==== GIVEN DATA
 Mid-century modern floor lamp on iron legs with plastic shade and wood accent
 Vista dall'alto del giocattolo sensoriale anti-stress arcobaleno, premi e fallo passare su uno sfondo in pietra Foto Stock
========
==== GIVEN DATA
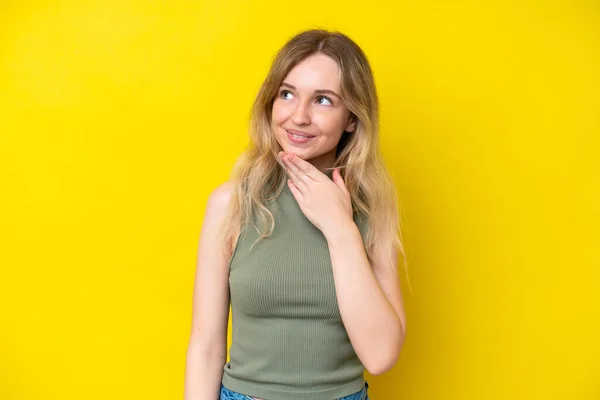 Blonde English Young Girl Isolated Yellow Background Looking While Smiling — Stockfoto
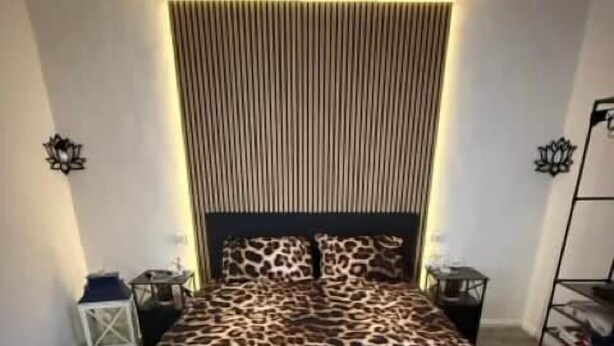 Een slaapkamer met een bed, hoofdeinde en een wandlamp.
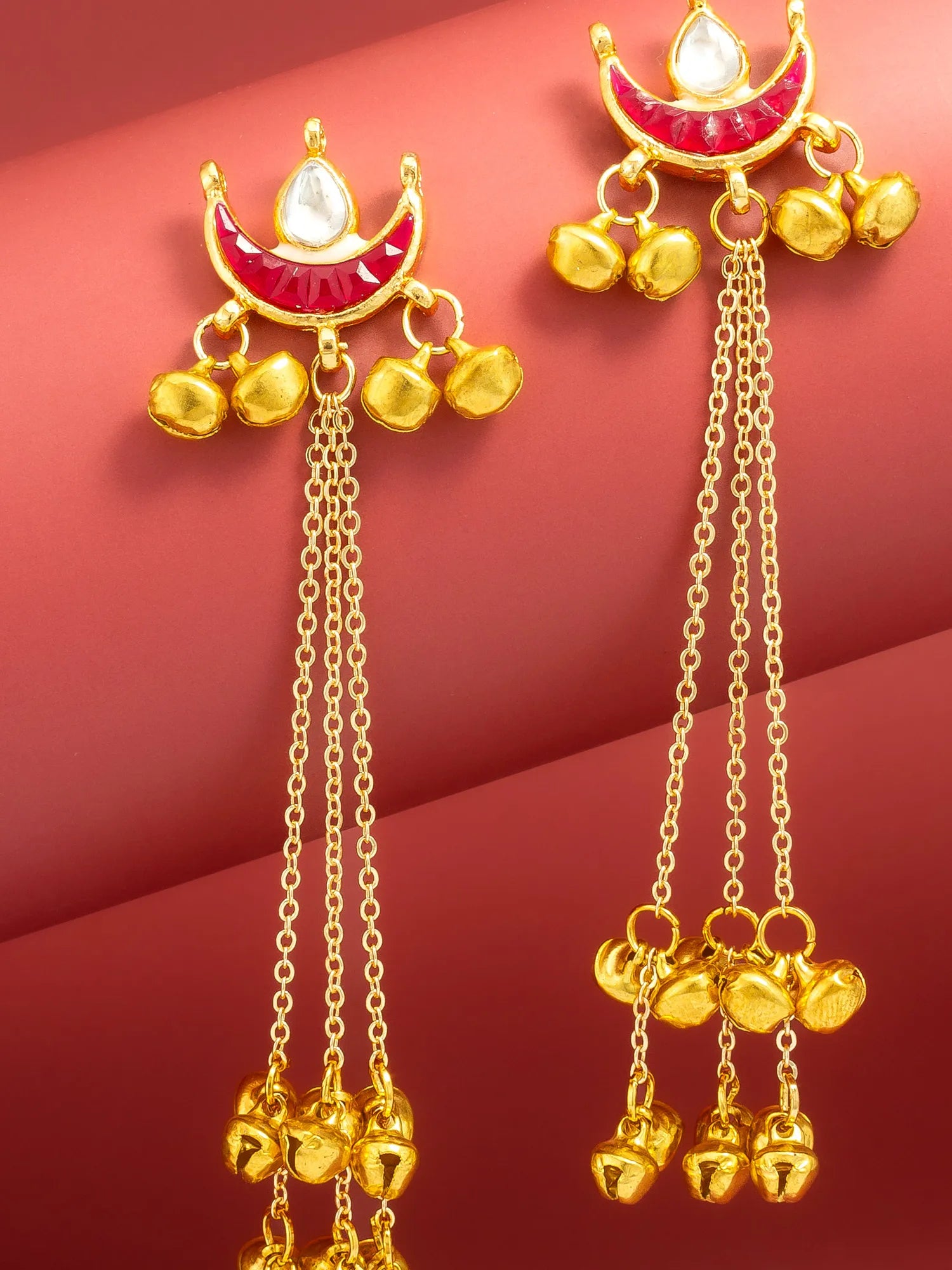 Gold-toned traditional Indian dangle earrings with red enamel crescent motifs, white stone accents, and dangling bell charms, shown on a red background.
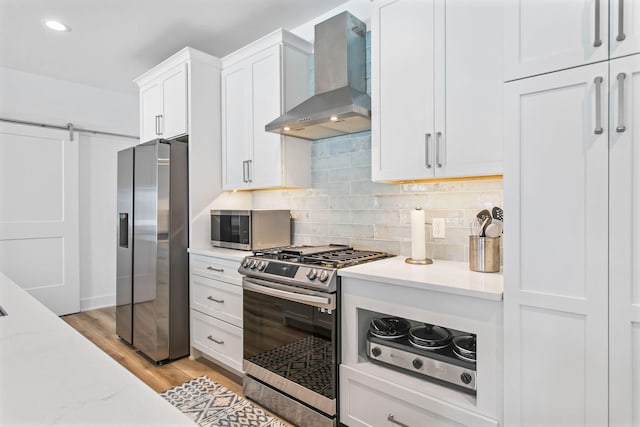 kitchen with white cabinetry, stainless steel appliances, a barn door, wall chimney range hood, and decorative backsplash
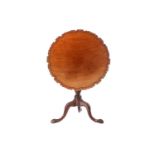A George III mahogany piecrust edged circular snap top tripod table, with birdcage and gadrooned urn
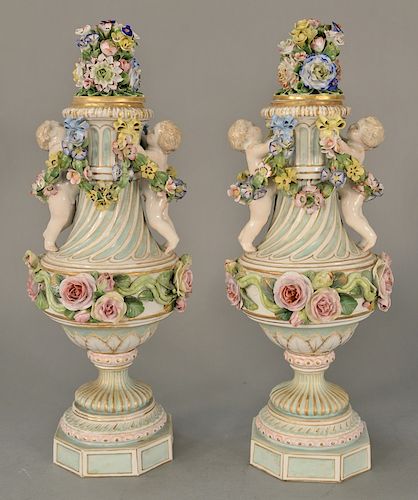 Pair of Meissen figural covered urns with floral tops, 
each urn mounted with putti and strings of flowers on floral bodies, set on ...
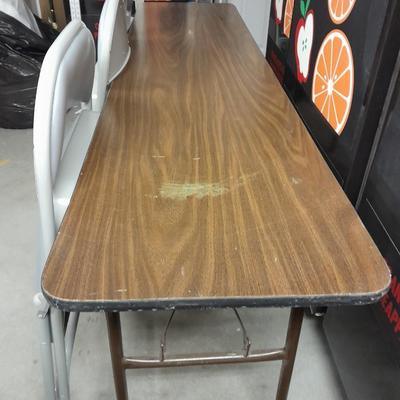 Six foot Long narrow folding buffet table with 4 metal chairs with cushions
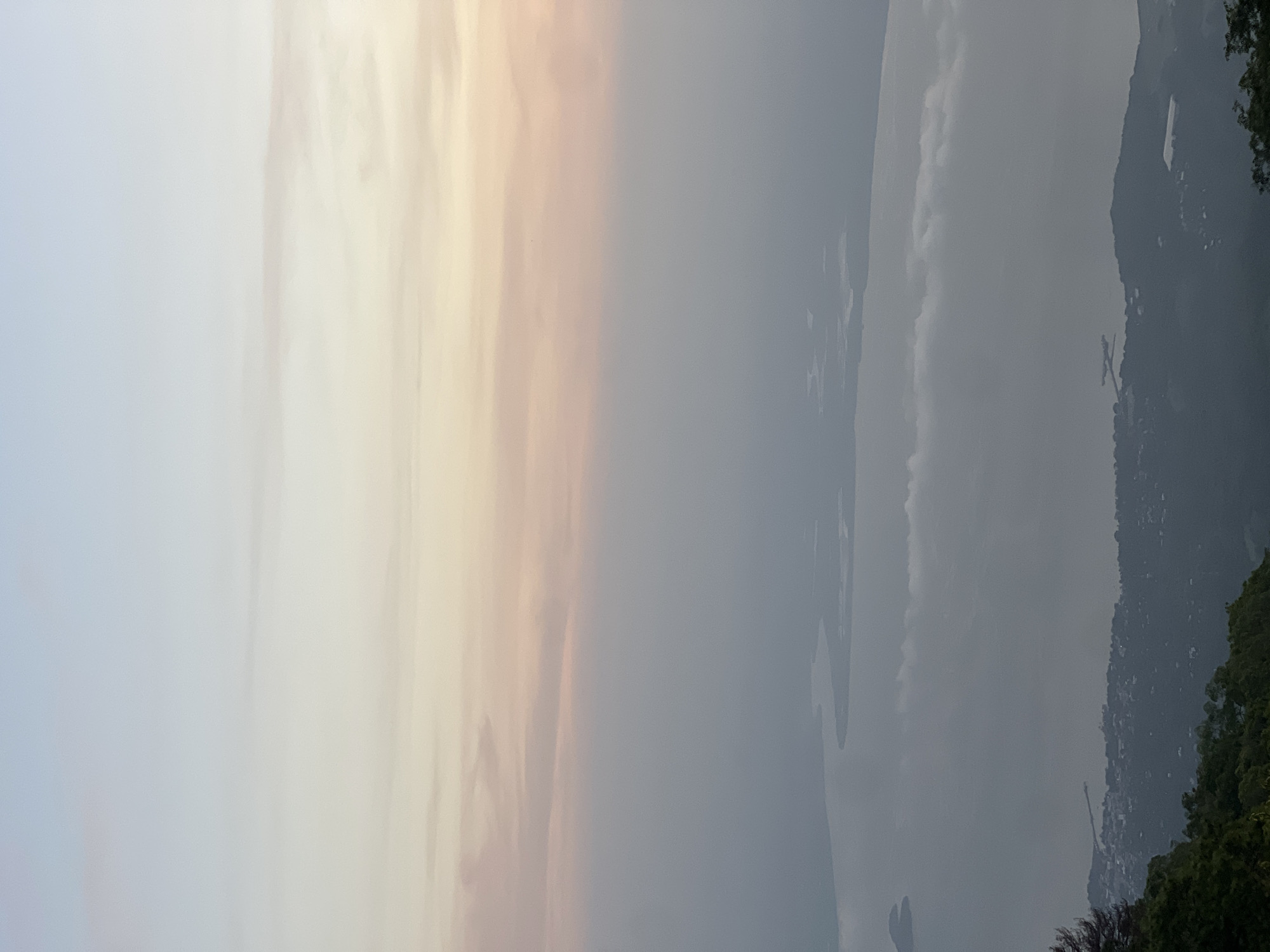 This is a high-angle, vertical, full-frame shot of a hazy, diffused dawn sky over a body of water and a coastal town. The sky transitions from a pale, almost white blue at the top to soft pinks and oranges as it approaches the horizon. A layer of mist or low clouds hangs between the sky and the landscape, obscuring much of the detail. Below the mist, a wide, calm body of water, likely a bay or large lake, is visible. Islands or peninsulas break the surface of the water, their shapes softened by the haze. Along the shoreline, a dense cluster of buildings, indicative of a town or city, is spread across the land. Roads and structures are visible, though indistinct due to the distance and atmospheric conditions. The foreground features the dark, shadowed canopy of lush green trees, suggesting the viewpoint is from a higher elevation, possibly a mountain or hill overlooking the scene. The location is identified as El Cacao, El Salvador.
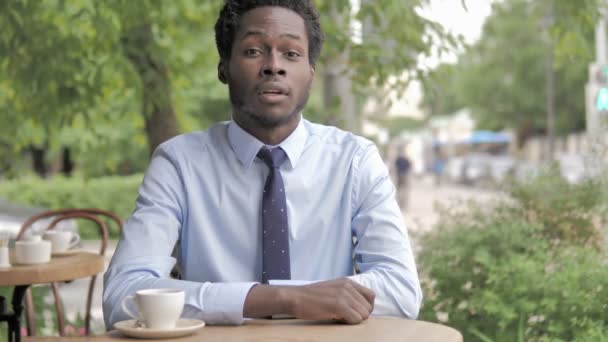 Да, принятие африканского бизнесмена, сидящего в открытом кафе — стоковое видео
========
- YOUR GOAL -
Look above for the line with "kitchen with white", then give again exactly every line from there through the line with "Six foot Long", skipping the pictures.

- OUTPUT OF THE EXERCISE -
 kitchen with white cabinetry, stainless steel appliances, a barn door, wall chimney range hood, and decorative backsplash
A George III mahogany piecrust edged circular snap top tripod table, with birdcage and gadrooned urn
 Pair of Meissen figural covered urns with floral tops, 
each urn mounted with putti and strings of flowers on floral bodies, set on ...
 Six foot Long narrow folding buffet table with 4 metal chairs with cushions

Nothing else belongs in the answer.